But for Elizabeth DeCoux, a professor at the Florida Coastal School of Law and a vegetarian for more than 20 years, the potential benefits of cultured meat are all about the animals.
"I think that animals suffer horribly, and we all have an obligation to do something about that," DeCoux said. "I believe that in vitro may hold the latest promise that I've ever known of to eliminate almost all the suffering of food animals."
DeCoux spoke last week at the first symposium on in vitro meat in Norway. As a longtime vegetarian, DeCoux said that she doubts she would switch back to eating meat, but cultured meat might offer an alternative for concerned meat-eaters.
"I think the great effect of in vitro meat is that people who love animals, but who are meat eaters, will switch," she said.

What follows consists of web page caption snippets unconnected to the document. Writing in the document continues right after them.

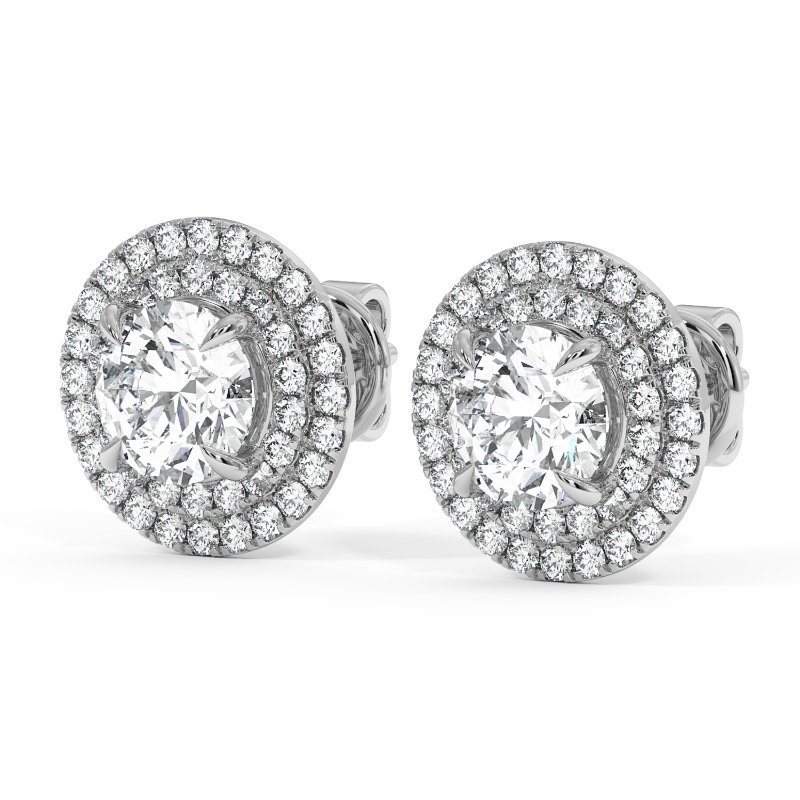 18K White Gold Aspen Earrings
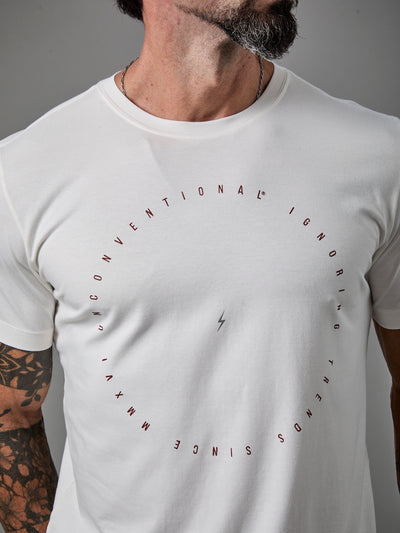 Camiseta Typo Circle Off-White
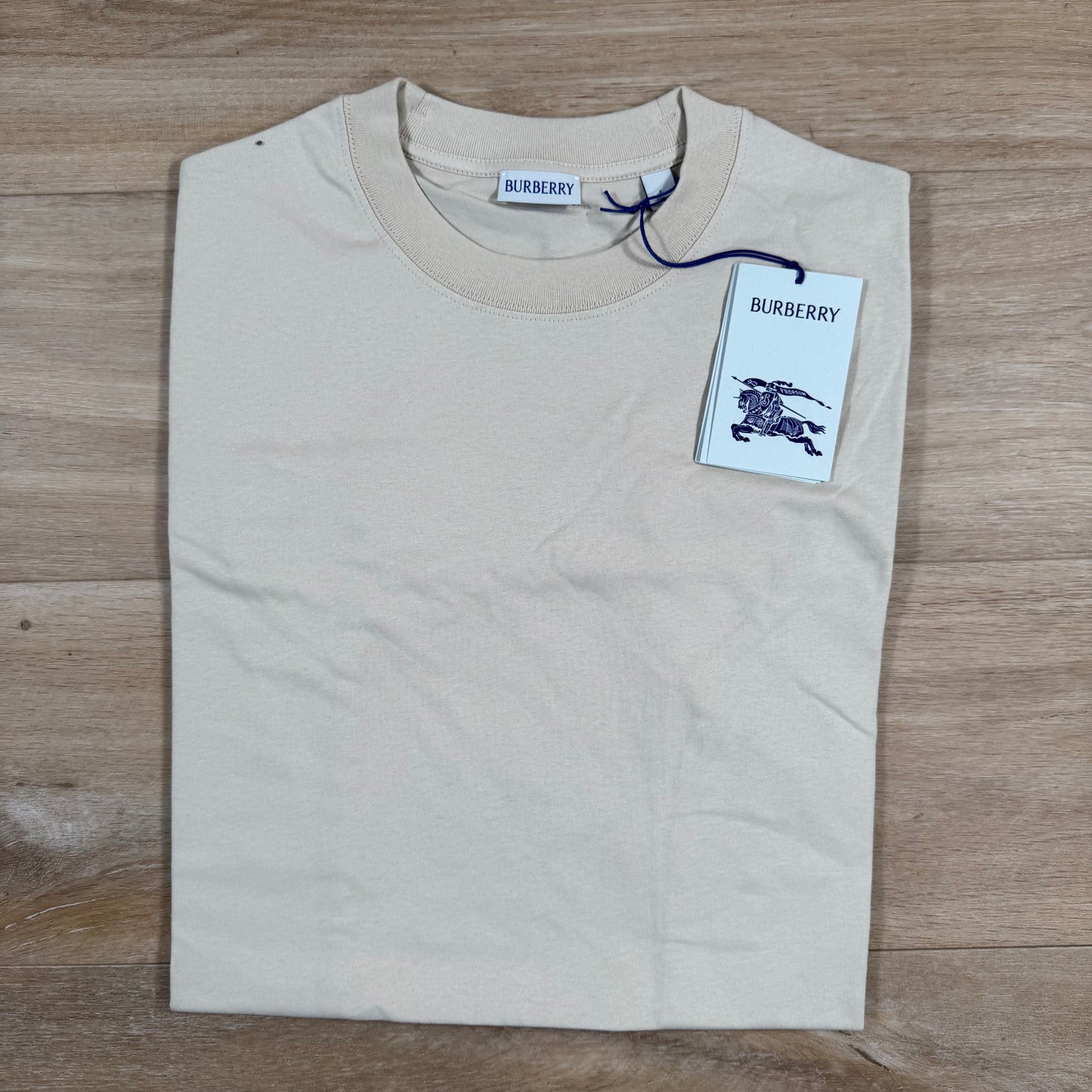 Burberry Check Label Cotton T-Shirt in Nutmeg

The animal rights' community, however, has been far from unanimous in its reaction to PETA's proposal.
The award caused a "near civil war in our office," Newkirk said. "After all, our job is ... to hammer into people's heads that they don't need flesh and that [it] is morally offensive. So how could we be saying, why don't you eat this lab-grown meat?
"But to me, it's an important thing to do. It isn't hurting anyone. ... You've got exactly what you want, and there are no bad consequences," she continued.
"We have been trying for centuries to get people to stop eating tortured animals. We wanted them to do it by going vegetarian," she said. "But now we have a real chance to get them to switch, and I don't think we can squander that chance over an internal philosophical squabble."
But some nutritionists doubt whether cultured meat would be accepted by consumers and the medical community at large.
"There's a 'yuck factor' involved," said Marion Nestle, the head of New York University's Department of Nutrition, Food Studies and Public Health. "But whether that yuck factor is greater than the one that is associated with the way we produce animals in this way" remains to be seen, she said.
While Nestle sees philosophical contradictions with PETA's award, she said there are other reasons to consider alternatives to raising animals in traditional ways. For one, it could reduce our carbon footprint by eliminating factory farms, and it's a way to combat the seemingly ever-rising price of food.
But as the organics market grows, Nestle questioned the commercial viability of such a product if it came to market.
"I know a lot of vegetarians who have been lifetime vegetarians, who have started eating meat again because of the availability of humanely raised animals," she said. "I cannot imagine this is going to be the solution. It smacks of soylent green."
In addition to the "fear factor," for Keith-Thomas Ayoob, a pediatric nutritionist and director of the Rose F. Kennedy Children's Evaluation and Rehabilitation Center, said in vitro meat would have to pass another hurdle.
"The nutritional content would have to be similar, and it would have to pass both the smell and the taste test," Ayoob said. "There's more to meat than just protein. ... And frankly, if it doesn't taste good, then consumers won't eat it."
According to Ayoob, a huge part of eating is aesthetics.
"Part of the overall appeal of food is something that may not be able to be produced in a petri dish," he said. "You can survive on liquid nutrition. ... We could also have food fed directly to our stomachs. Just because you can, doesn't mean you should."